“Madam,” cried one of the gallants, “’twould please me better could I smell some savoury stew. Ghostly, did you say? I vow the whole place looks ghostly. Not a light in all those ancient windows.”

“Pray, you there, you, fellow; leave the gate and try and find thy tongue. Does anybody live here, and is it possible to obtain refreshment and a night’s lodging?”

“I live here,” said John, somewhat ruffled by the tone. “As to your second question, before answering it I will first ask one or two of my own. What may this company be, and why do they seek admittance into my house at such an hour?”

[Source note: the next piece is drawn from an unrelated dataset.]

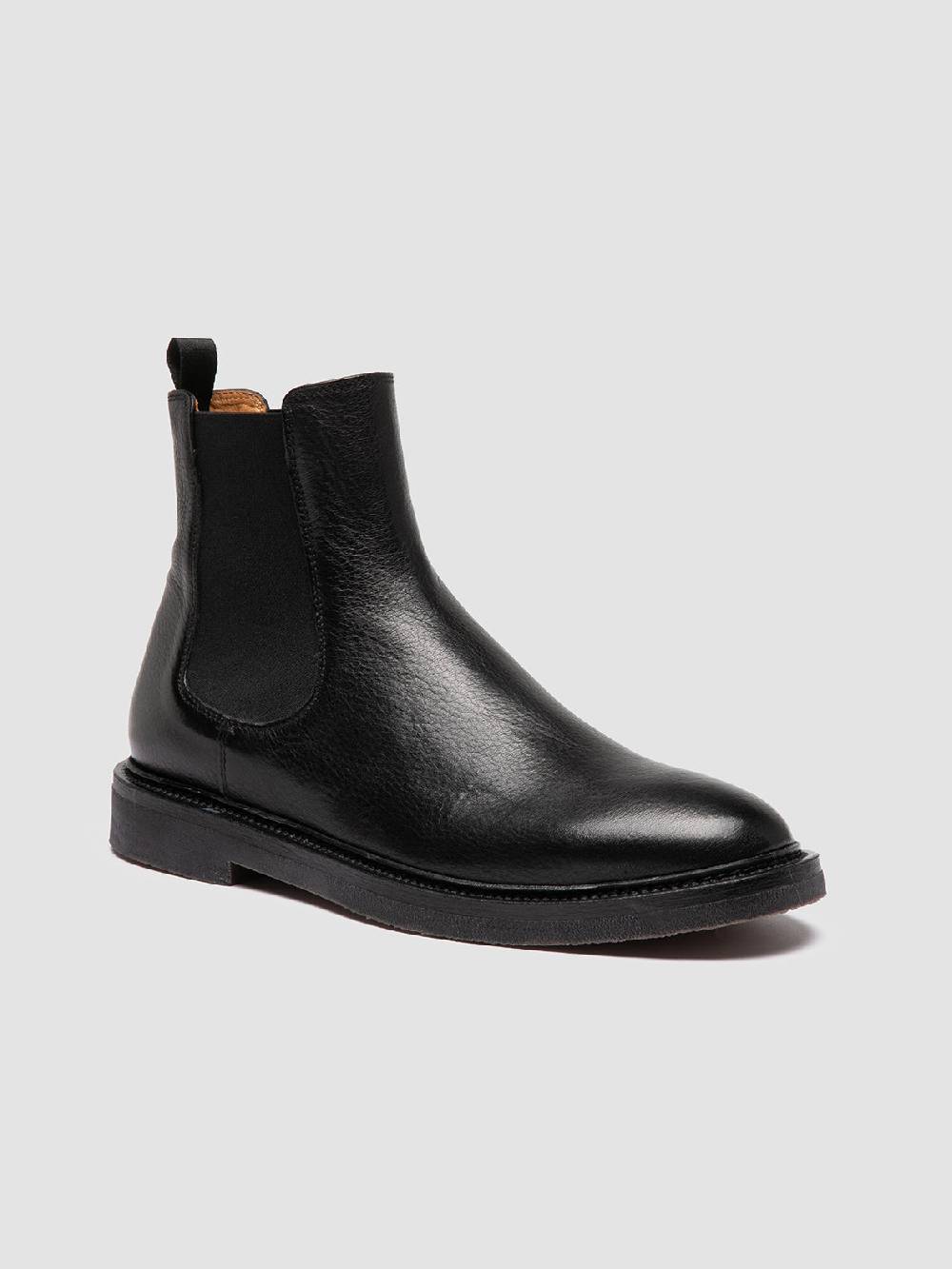 Officine Creative HOPKINS FLEXI 204 Stivaletti Chelsea in Pelle Nera Qualità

“Why, what a churl is this!”

“By gad, ’tis his house, Harry. We’ve been discussing the place in the presence of its owner; but we must needs be civil, it seems, if we would dine and sleep under cover. Sir, you behold a noble company of travellers, or, if you prefer it, a travelling company of noblemen and ladies, journeying from Bristol Hotwells, where they have been sojourning for the good of their health. Their coach, having taken a wrong turn, has inconveniently broken down on that abominable mixture of marsh and stones which you are pleased in these parts to term a road. As it is late and the ladies are hungry and tired, the gentlemen athirst, the best horse lame, the front wheel damaged, and the postboy drunk, we deem it better to push no further to-night. Therefore, finding no inn within a radius of ten miles, and descrying your house—which seemed to us a building of some importance—we have come to throw ourselves upon your hospitality for the night.”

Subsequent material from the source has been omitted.